Dieser Roman aus Belgien ist ein Buch zum Staunen. Es führt uns tief in den Alltag des Ersten Weltkriegs hinein, und dies so eindrucksvoll, als habe der Autor Erwin Mortier jene Zeit selbst erlebt. Aber er kam erst Jahrzehnte später zur Welt, nämlich 1965. Die Kriegsgeschichten wiederum werden aus der Vita einer weiblichen Hauptperson entwickelt, und zwar mit einem derartigen Einfühlungsvermögen, dass man sich verblüfft fragt, wie ein männlicher Erzähler dazu kommt. Haben wir es vielleicht mit einem ausgebildeten Psychologen zu tun? Offenbar nicht, denn die Hinweise im Klappentext des Verlages ordnen ihm die Qualifikationen Kunsthistoriker, Schriftsteller und Journalist zu. Da bleibt uns nichts als die beglückende Einsicht, dass manche Literaten sich ebenso intensiv wie erfolgreich um die Anforderungen zu kümmern wissen, die ihr Stoff und dessen Hintergründe an sie stellen.
Wacher Geist
Die Romanheldin, die von sich und von jenem ersten europäischen Wahnsinn des zwanzigsten Jahrhunderts berichtet, heißt Helena und ist teils flämischer, teils französischer Abstammung, hat also alles Wesentliche zu bieten, was eine Belgierin ausmacht. Wenn wir ihr zum ersten Mal begegnen, hat sie schon neunzig Lebensjahre hinter sich und ist bettlägerig, denn ihr Körper gehorcht ihr nicht mehr. Ihr Geist aber durchaus, wie man den Aufzeichnungen entnehmen kann, die sie einer Fülle von Schreibheften anvertraut. Es ist nicht immer genau zu unterscheiden, ob ihre Mitteilungen im gegebenen Moment aus dem Text dieser Hefte kommen oder Teil der Gespräche sind, die sie mit ihrer marokkanischen Pflegerin Rachida führt. Doch das stört überhaupt nicht. Was die alte Dame auch äußert und in welchem Zusammenhang sie es jeweils tut, stets antwortet sie auf Fragen, die nicht nur ihr Leben aufgeworfen hat, sondern auch das unsrige. Denn wo in Europas Ländern gibt es Menschen, deren Dasein nicht irgendwie beeinflusst wurde von dem Stück Weltgeschichte, das für Helena einst Gegenwart war?

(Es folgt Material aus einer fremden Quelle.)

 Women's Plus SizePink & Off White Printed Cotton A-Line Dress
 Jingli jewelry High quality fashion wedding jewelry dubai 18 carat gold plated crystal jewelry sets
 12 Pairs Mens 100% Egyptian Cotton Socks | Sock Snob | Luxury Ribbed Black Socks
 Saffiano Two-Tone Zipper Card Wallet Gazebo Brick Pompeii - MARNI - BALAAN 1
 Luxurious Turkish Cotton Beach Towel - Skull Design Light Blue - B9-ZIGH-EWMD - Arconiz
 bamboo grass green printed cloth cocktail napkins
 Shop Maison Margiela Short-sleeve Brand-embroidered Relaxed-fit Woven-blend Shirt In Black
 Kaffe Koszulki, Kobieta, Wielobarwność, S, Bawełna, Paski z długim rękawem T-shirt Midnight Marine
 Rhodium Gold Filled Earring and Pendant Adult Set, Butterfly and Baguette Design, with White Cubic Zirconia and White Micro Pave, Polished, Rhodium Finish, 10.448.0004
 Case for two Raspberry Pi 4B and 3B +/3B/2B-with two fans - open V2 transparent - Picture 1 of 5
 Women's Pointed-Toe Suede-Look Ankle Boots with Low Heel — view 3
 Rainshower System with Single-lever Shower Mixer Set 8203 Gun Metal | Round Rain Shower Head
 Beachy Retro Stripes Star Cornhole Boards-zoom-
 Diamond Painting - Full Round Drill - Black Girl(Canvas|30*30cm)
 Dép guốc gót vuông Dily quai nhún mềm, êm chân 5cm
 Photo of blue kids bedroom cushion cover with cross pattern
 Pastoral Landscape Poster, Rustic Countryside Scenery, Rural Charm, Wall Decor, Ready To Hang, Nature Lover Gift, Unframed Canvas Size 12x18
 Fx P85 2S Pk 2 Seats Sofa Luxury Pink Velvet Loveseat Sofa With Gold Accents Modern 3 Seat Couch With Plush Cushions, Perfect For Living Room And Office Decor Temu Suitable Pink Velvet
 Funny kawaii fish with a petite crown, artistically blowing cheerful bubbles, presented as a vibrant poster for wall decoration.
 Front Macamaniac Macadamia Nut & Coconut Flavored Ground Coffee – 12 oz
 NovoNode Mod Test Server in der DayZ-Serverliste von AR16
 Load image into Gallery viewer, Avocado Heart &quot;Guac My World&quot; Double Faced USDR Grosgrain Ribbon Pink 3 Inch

Dabei ist die Hauptfigur alles andere als eine Oberlehrerin. Sie denkt sich zurück in ihre Vergangenheit, um jene Zeit und alles, was daraus erwuchs, besser verstehen zu können. Ein Ziel, das sie nur unvollkommen erreicht. Das an ihrer Stelle auch wir vermutlich weitgehend verfehlen würden. Dennoch lohnt der Gewinn, den Helena erzielt, die Mühen der superlangen Lebensbeichte: Von Seite zu Seite kommt sie sich näher und endet im Einverständnis mit sich und dem, was sie tat oder was ihr zugefügt wurde. Wenn sie uns adieu sagt – und das wird, wie jedem einleuchten muss, ein endgültiger Abschied sein –, dann hat sie ihr Ich, ihr Dasein und dessen besondere Umstände akzeptiert. Kann es einen größeren Sieg geben nach all den Kämpfen eines Menschenlebens?
Im Korsett der Zeit
Uns aber, ihrem Publikum, hinterlässt sie Geschichten, die wir mit Anteilnahme und wachsender Einfühlung lesen. Wir begegnen zunächst einem jungen Mädchen, hübsch und gescheit, aber eingeengt von den Anforderungen einer Gesellschaft, die jedem seinen Platz zuweist und keinem erlaubt, sich über die herrschenden Sitten und Meinungen hinwegzusetzen. Das gilt auch für die übrige Familie: Helenas Mutter, die nicht nur körperlich eingeschnürt ist vom Korsett der damaligen Damenmode; den Vater, der die Seinen zwar liebt, seine männlichen Vorrechte aber nie auf Frau und Tochter übertragen würde; einen Bruder, der sich am Vater orientieren darf, es aber nicht so recht schafft, weil er seine Homosexualität vor jedermann verbergen muss.